Comparing the programs, I could see no significant differences in sharpness.  Both looked great, with gobs of crisp detail.  Similar to what Bart noted, there may have been tiny differences in contrast and color.  Vertical format images require more down-sampling, and for those images, there was a barely noticeably softness in the C1 version, but I had to really strain to see it on things like thin twigs in tree branches.

The fit-to-view previews in C1 are perfectly adequate for my editing needs.  Perhaps the softening that others are seeing is not nearly as obvious on a high-DPI display.
Title: Re: Why are the previews of Capture One Pro of such low quality?
Post by: Bart_van_der_Wolf on January 25, 2018, 06:05:43 am
I just did a bit of testing in Capture One Pro 11, on a 27" Retina iMac. In Preferences, I have Preview Image Size set to maximum: 5120, which happens to be the horizontal pixel dimension of the display.  The images were raw files from a Nikon D850, which are 8256 x 5504 pixels.  Display in C1 was set to "Fit".  I used the "PSD ProPhoto for Photoshop" process recipe, with no output sharpening, to open the images in Photoshop CS6, and set that program to show the shots at the same size as C1.

Comparing the programs, I could see no significant differences in sharpness.  Both looked great, with gobs of crisp detail.  Similar to what Bart noted, there may have been tiny differences in contrast and color.  Vertical format images require more down-sampling, and for those images, there was a barely noticeably softness in the C1 version, but I had to really strain to see it on things like thin twigs in tree branches.

The fit-to-view previews in C1 are perfectly adequate for my editing needs.  Perhaps the softening that others are seeing is not nearly as obvious on a high-DPI display.

I also do not have issues with the previews, although there's always room for (optional) improvement if it doesn't slow down normal operations too much.

I still have a nagging feeling that those who do report issues with softness may be seeing the effects of mismatched scaling on high DPI displays, nothing to do with C1 but with system/interface settings. Hans Kruse mentioned that 4K versus 5K display "looks like" issue several times, e.g. here (http://forum.luminous-landscape.com/index.php?topic=115244.msg952637#msg952637).

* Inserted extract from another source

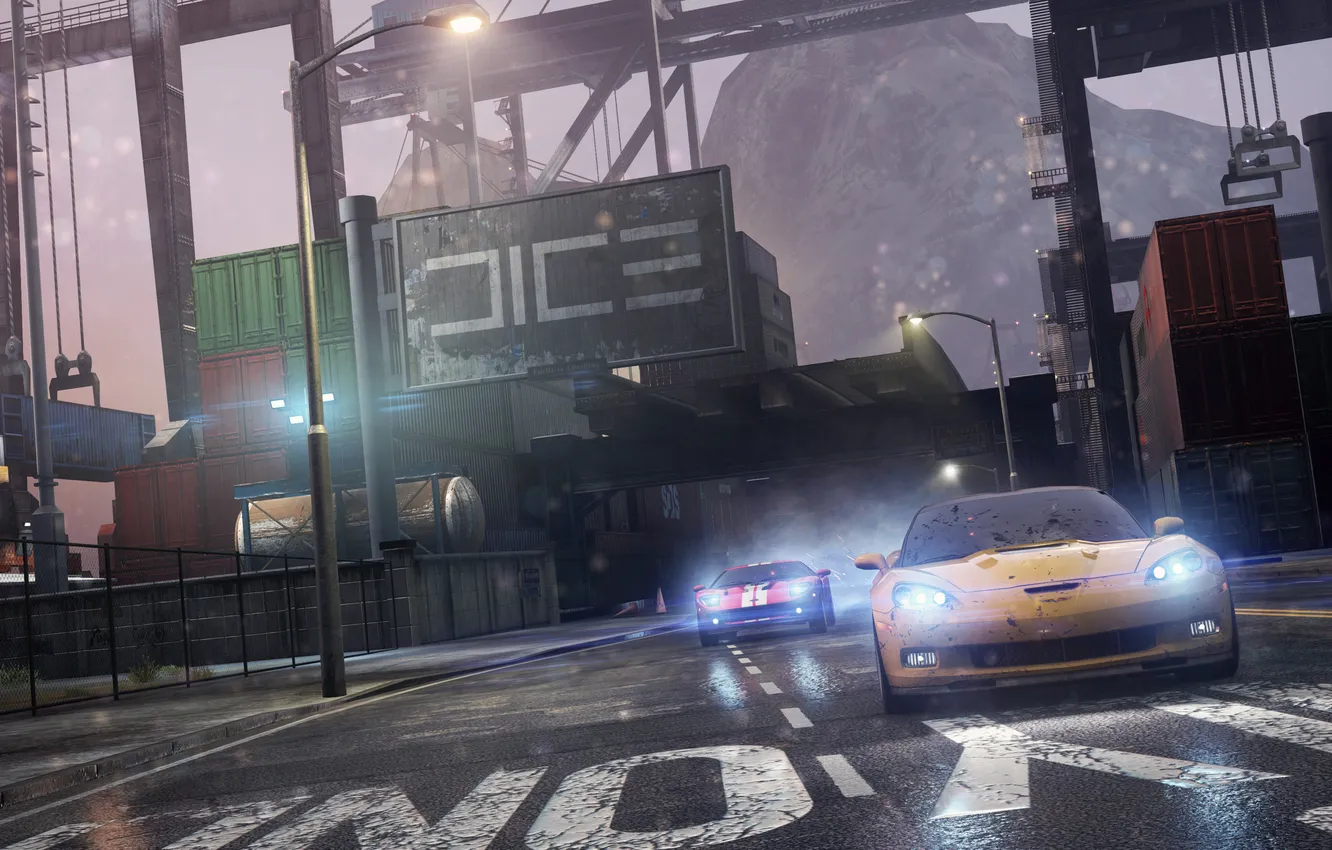 Photo wallpaper machine, race, track, art, Need For Speed Most Wanted, ford, chevrolet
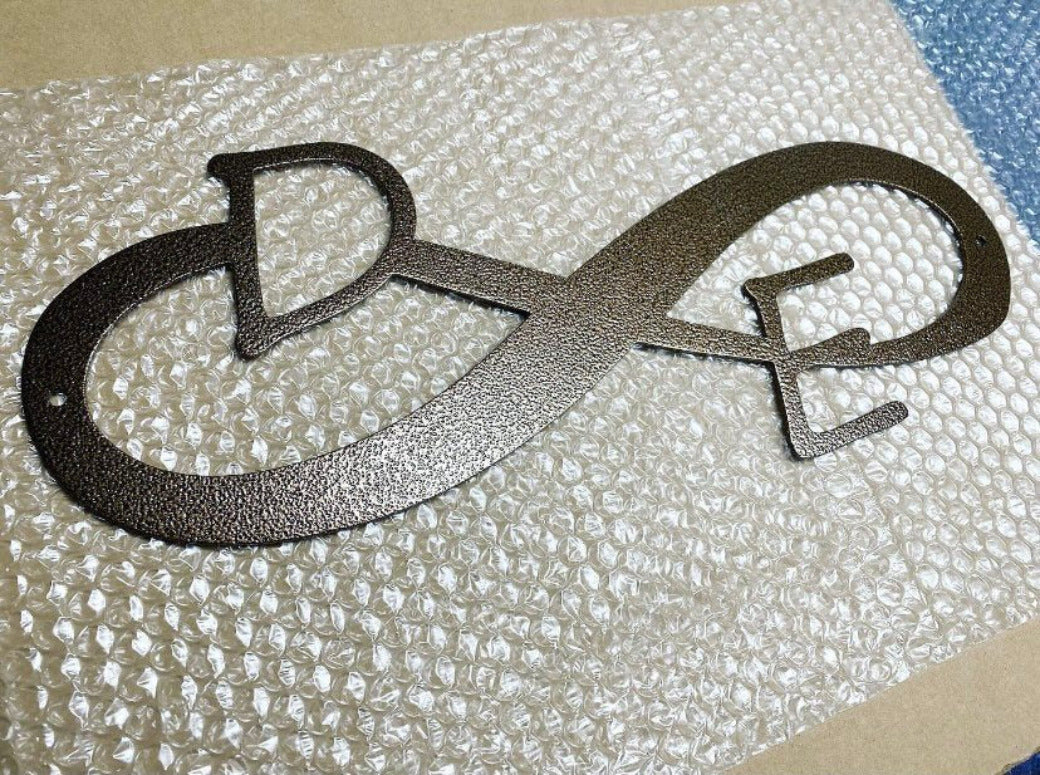 11th Anniversary Gift, Metal Infinity Sign with Initials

Since the complainers are not clear enough in identifying the issue, or may be exaggerating it hoping for a quicker response, it's hard to diagnose. I've made screenprints from Adobe Photoshop and Capture One of the same TIFF scaled to fit screen, and looked at them side by side, and could hardly see any difference, so it's unlikely due to the scaling quality in isolation. It was possible for both display source grabs to improve their sharpness by adding sharpening as an additional step, but that's beside the point, one can always add sharpening.

Still puzzled ...

Cheers,
Bart
Title: Re: Why are the previews of Capture One Pro of such low quality?
Post by: IanSeward on January 25, 2018, 12:28:20 pm
I also do not have issues with the previews, although there's always room for (optional) improvement if it doesn't slow down normal operations too much.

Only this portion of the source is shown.